Operator: Your next question comes from Jack Aydin of McDonald Investments.

Jack
Aydin:
Hi everybody.

James
Volker:
Hey, Jack.


Jack
Aydin:
Three questions – one on the – where are you drilling the key wells that you’re drilling? Second question is are you doing anything in the Cherokee Basin? And the third question is of the reserve revision prices that account to any of those reserve divisions higher commodity prices and what percentage?

James
Volker:
Okay, Jack. With respect to our key areas, of course, we’re, I should say, most pleased with the activity that we did along the Gulf Coast in the Stuart City Reef Trend, i.e., the (Edwards lime) down there, and our Big Stick field where, as a result I’m going to say of our drilling successes, we’re putting more dollars to work. And I’ve already kind of summarized that in terms of where we’re spending money with respect to CAPEX in the year ‘04.

  With respect to the Cherokee Basin, no, we don’t have any current plans to do anything there except perhaps later in the year based upon a study that we’re doing right now. So I can’t say it’s in our budget now. But we may be putting in a pilot program there in the Cherokee Basin, i.e., our coalbed methane project there.

  I can say that with respect to the Cherokee Basin, when we went in there, we were hoping to get the absorption evaluations that came in at around 150 standard cubic feet per ton. They came in more in the range of 90 standard cubic feet per ton to 100 standard cubic feet per ton. So, as you can see, they’re at about two-thirds of what we were hoping for. It doesn’t mean that it’s not economic. It doesn’t mean that it still can’t be developed. But it does mean that we think we ought to put in a pilot and see how things go prior to the time that we commit what I would call really substantial CAPEX to that area where we have about 93,000 net acres in an area that’s crossed by seven interstate pipelines (unintelligible) to mention something good, where the gas price would be only about a nickel under NYMEX.

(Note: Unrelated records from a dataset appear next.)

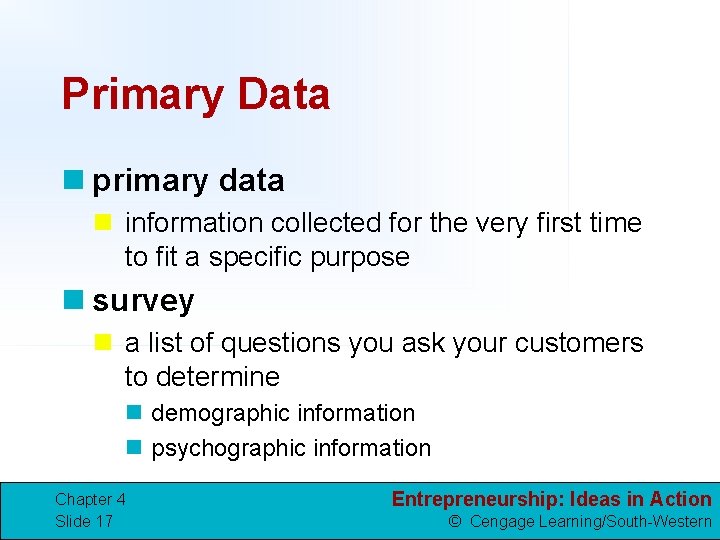 Primary Data n primary data n information collected for the very first time to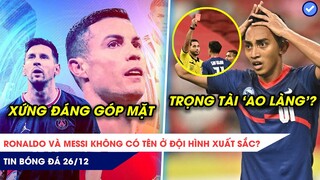 TIN BÓNG ĐÁ 26/12|Ronaldo, Messi không có tên ở đội hình xuất sắc? Singapore gặp bi kịch trọng tài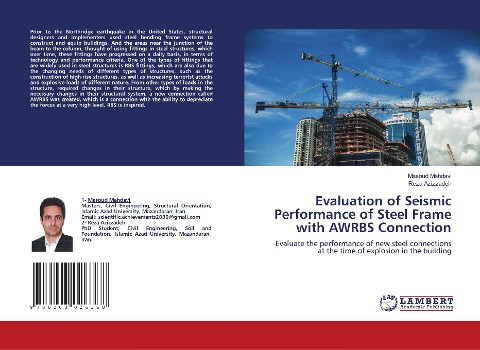 Evaluation of Seismic Performance of Steel Frame with AWRBS Connection: Evaluate the performance of new steel connections at the time of explosion in the building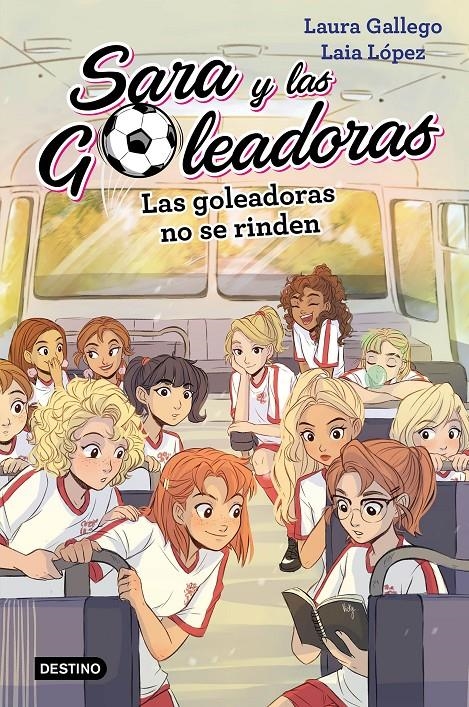 SARA Y LAS GOLEADORAS Nº5: LAS GOLEADORAS NO SE RINDEN [CARTONE] | GALLEGO, LAURA / LOPEZ, LAIA | Akira Comics  - libreria donde comprar comics, juegos y libros online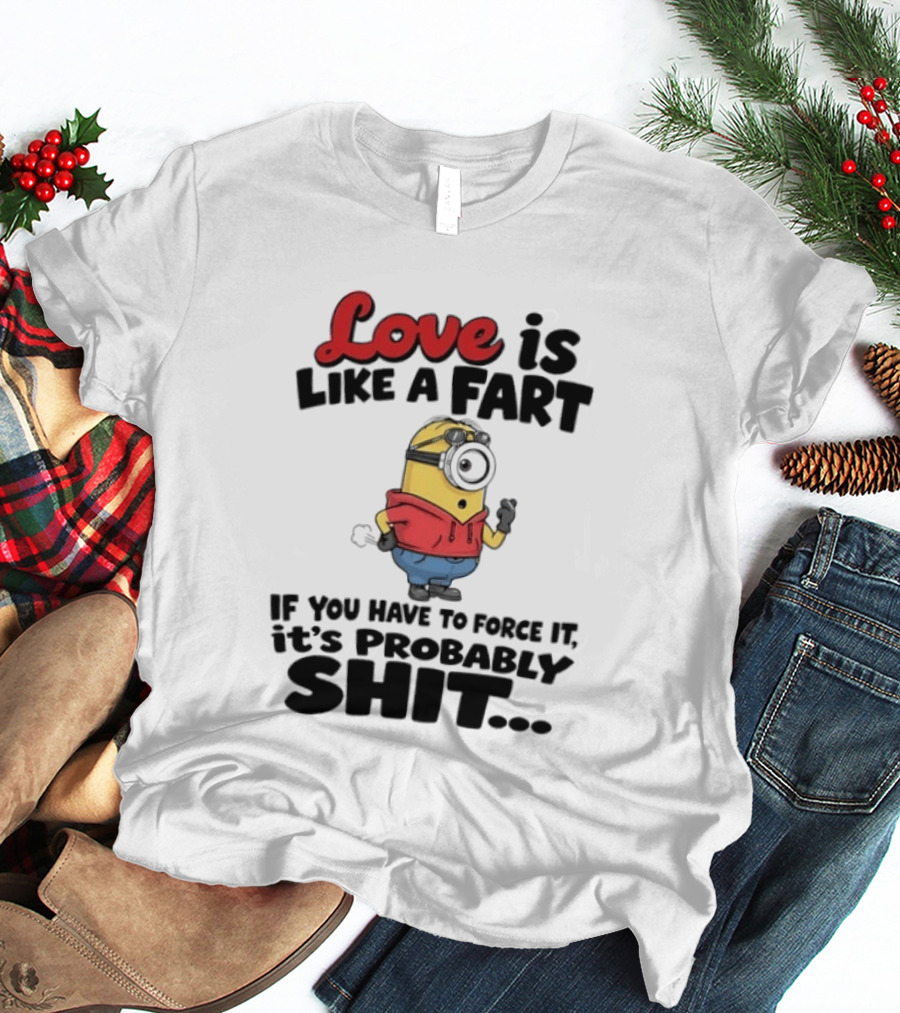 Love Is Like A Fart Minion If You Have To Force It It's Probably Shit T-Shirt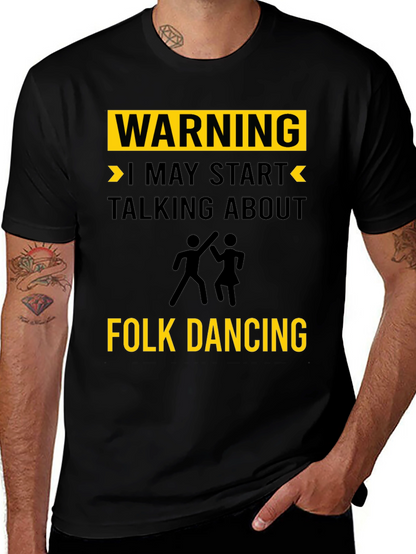 Warning Folk Dancing T-Shirt
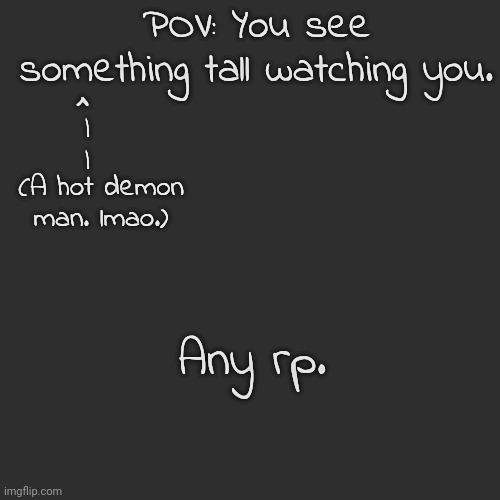 There isn't any rules, any rp. | POV: You see something tall watching you. ^; |
|; (A hot demon man. lmao.); Any rp. | image tagged in blank transparent square | made w/ Imgflip meme maker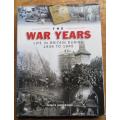 The War Years - Life in Britain 1939 - 1945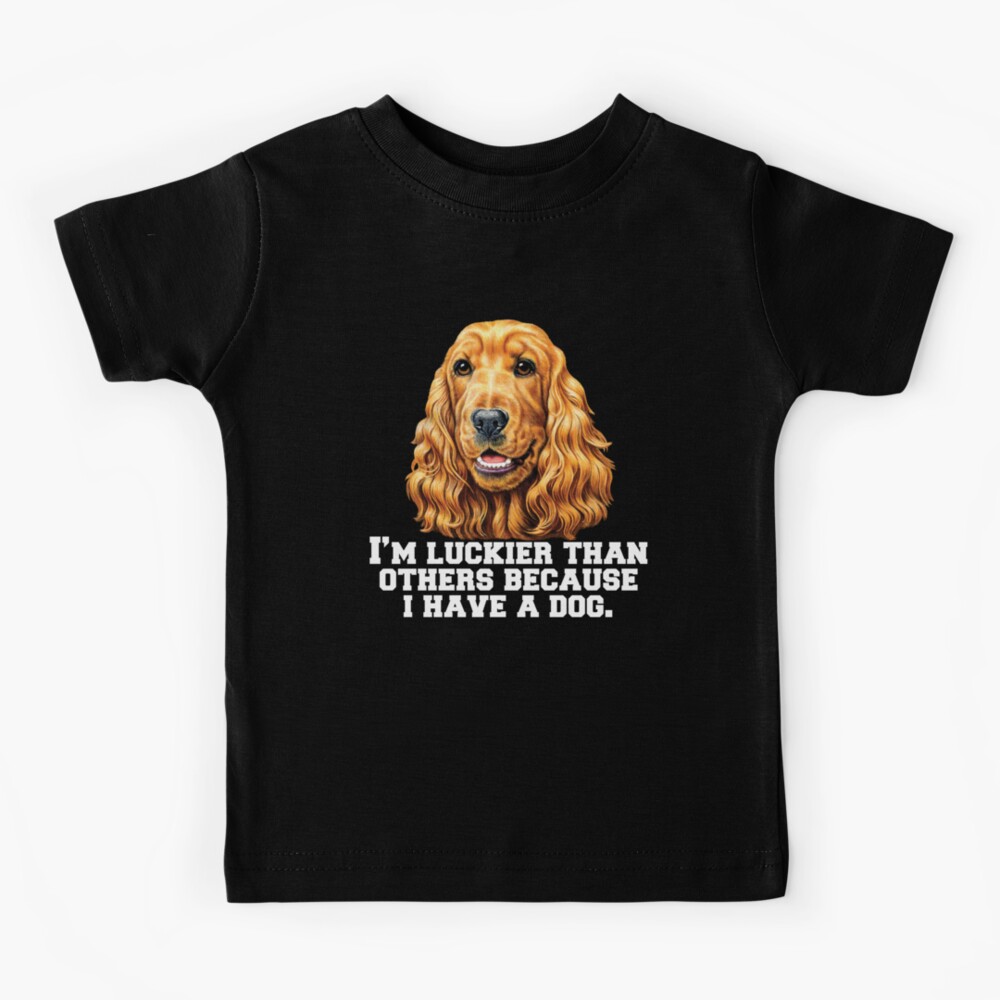 Cocker Spaniel Dog Owner I’m Luckier Than Others Because I Have A Dog Kids  T-Shirt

  So it’s a mixed blessing there. And we do know that some people who have had developments in the area have sold them. We know other people who are in the process of actively developing the coalbed methane in that area. So I think it’s just a sort of area-by-area evaluation. I can tell you that we’re even actively evaluating other properties to acquire in the Cherokee Basin. So we still think it has good opportunity for us. But you just want to pick the right area to put your capital in.

  And with respect to the revisions, actually I really believe that very little of that was attributable to price increases. It’s mostly the result of the well work that was done and predominantly in the Big Stick field. And again I could say that I really think we’ve benefited there from the team of people we put together here in our operations and exploration department here in Denver working closely with our field office there in the Big Stick field.

Jack
Aydin:
Two more questions, if you don't mind.

James
Volker:
Yes, go ahead, Jack.

Jack
Aydin:
One, if you have any key well that you're drilling?

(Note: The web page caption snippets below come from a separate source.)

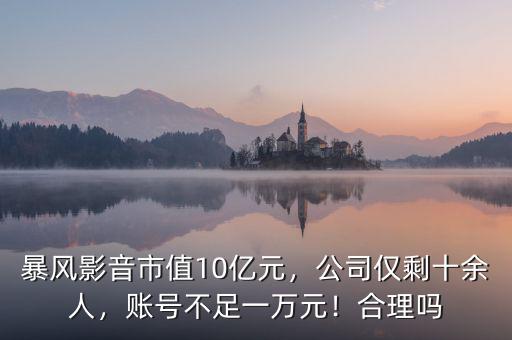 暴風(fēng)影音市值10億元，公司僅剩十余人，賬號(hào)不足一萬元！合理嗎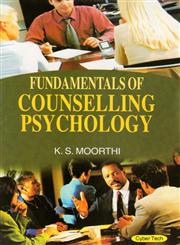 Fundamentals of Counseling Psychology 1st Edition,8178849402,9788178849409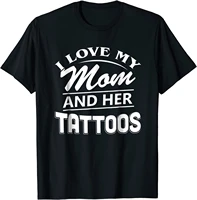 i love my mom and her tattoos t shirt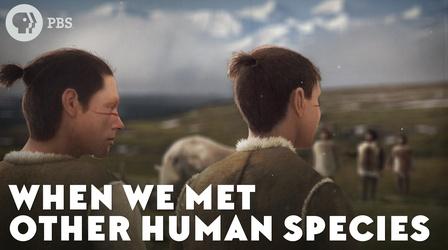Video thumbnail: Eons When We Met Other Human Species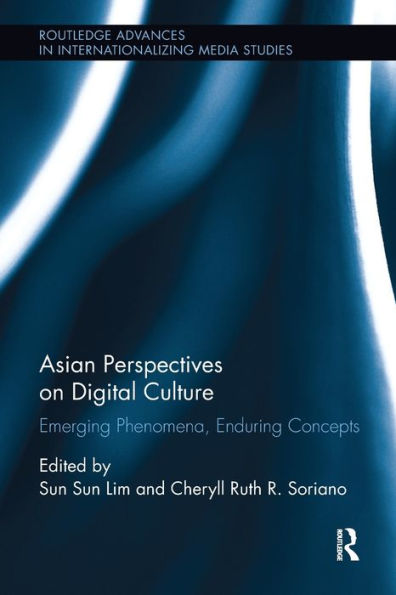 Asian Perspectives On Digital Culture (Routledge Advances In Internationalizing Media Studies)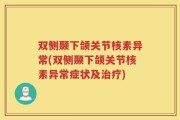 双侧颞下颌关节核素异常(双侧颞下颌关节核素异常症状及治疗)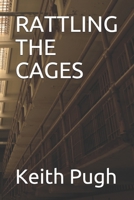 Rattling The Cages B08DST1YNZ Book Cover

  And, second, I assume you saw the press release from Equity. The production was down. Reserve was down. Do you care to make a comment?

James
Volker:
Well we are drilling a number of key wells, but they’re in our core areas that we’ve previously mentioned, Jack, essentially the Big Stick field and the Stuart City Reef Trend and the five fields that we have operations going on in down there. I think I can say that there has been a minor shift, as you could tell, in that we’re really putting about 56% of our capital into the Gulf Coast currently so we do think that that will result in some increases in gas production for us. But no real I guess I’d say single key wells that I’d wish at this time to note for you.


  Second, with respect to equity, again I’d simply like to compliment the people here at Whiting who do our evaluations. Everything that they announced I’m going to say, as a result of the due diligence we did, we were prepared for. And we look still very positively at the equity acquisition. And in fact, we’re very enthusiastic about getting to own all of the properties that they own. We believe that with our greater CAPEX budget available to us, greater financial capability, and greater staff I believe that we’ll be able to do good things with their properties. But they’ve been somewhat limited in the past.

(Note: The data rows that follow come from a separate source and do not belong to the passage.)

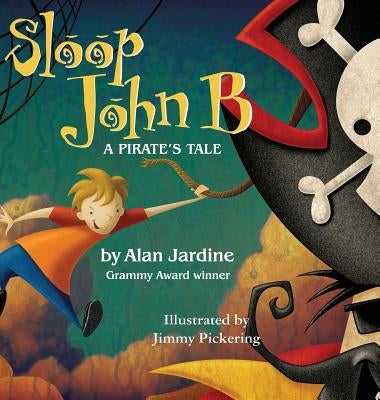 Sloop John B -A Pirate's Tale by Jardine, Alan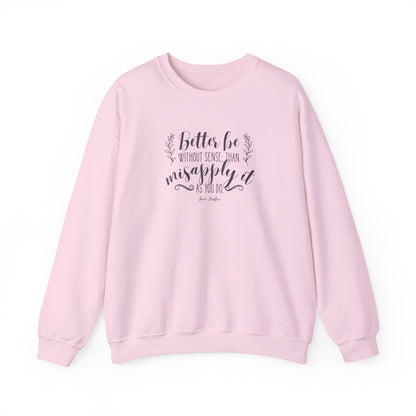 Better Be Without Sense Than Misapply It As You Do Quote Graphic Sweatshirt (Jane Austen)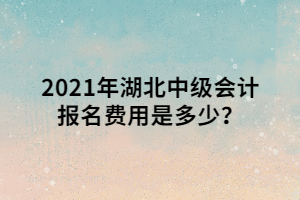 2021年湖北中級會計報名費用是多少？ (1)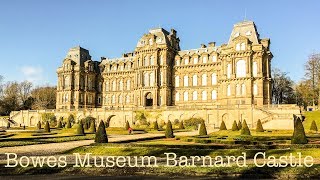 Bowes Museum Barnard Castle Teesdale County Durham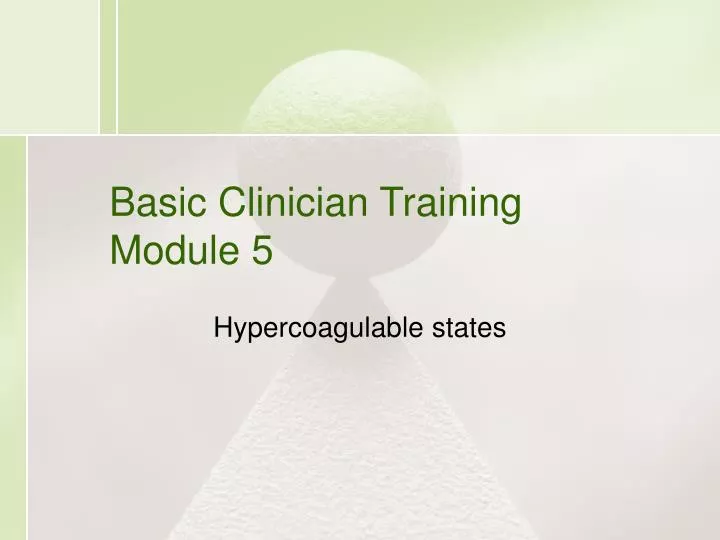 basic clinician training module 5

  By the way, we also think that a number of the operating people that we will acquire there at Equity, if the merger is voted on positively by their shareholders, a number of those people bring a wealth of information to us about those properties. And just as we did at Big Stick and in other areas that we’ve acquired in the past, we believe that those people will be very instrumental in helping us develop those properties.

Jack
Aydin:
Is (unintelligible) the Knife working on those projects?

James
Volker:
Yes, and the Knife and (Doug Lang) have both (unintelligible)...

Jack
Aydin:
I wouldn't let that one pass by.

James
Volker:
Thank you, Jack.

Jack
Aydin:
Thank you.


Operator: Your next question comes from Richard Friary of Delphi Management.

Richard
Friary:
Yeah, I know you’ve already answered a couple questions on this, but in terms of these properties it looks as though Big Stick and Stuart City are your big ones. I just want to know what sort of reserves are under those two properties? You know, what’s your working interest? And who’s the operator on these properties?

James
Volker:
We’re the operator of both properties. Our working interest is just in excess of 60% at Big Stick and roughly along the Stuart City Reef Trend it generally ranged between 92 and 98%. And in terms of the per well reserves down there we’re generally looking for in the range of around 1/4 million barrels of oil per well when we develop at Big Stick, up to 400,000 barrels of oil per well just kind of depending upon whether we happen to hit a sweet spot or not. And along the Stuart City Reef Trend the range would generally be between 2 and 4 Bcf per well, Richard.

Richard
Friary:
All right. And how many wells do you have there? I'm just kind of wondering about the total reserve potential?

James
Volker:
In round numbers there’s approximately 20 additional wells that we see at this time and have scheduled over the next 24 months and both at Big Stick and another 20 in round numbers along the Stuart City Reef Trend.

Richard
Friary:
All right. Thank you.

James
Volker:
You're welcome. Thank you.

Richard
Friary:
Yes.


Operator: Your next question comes from Pas Sadhukhan of Globes Scan.

Pas
Sadhukhan:
Yes, I have a couple questions here. You’re looking at the finding cost per 1,000 cubic feet (unintelligible) starting from 2002, 2003, as you have provided. The 2003 number percentage wise is much smaller than the previous year like 2000 through 2002. Why is that?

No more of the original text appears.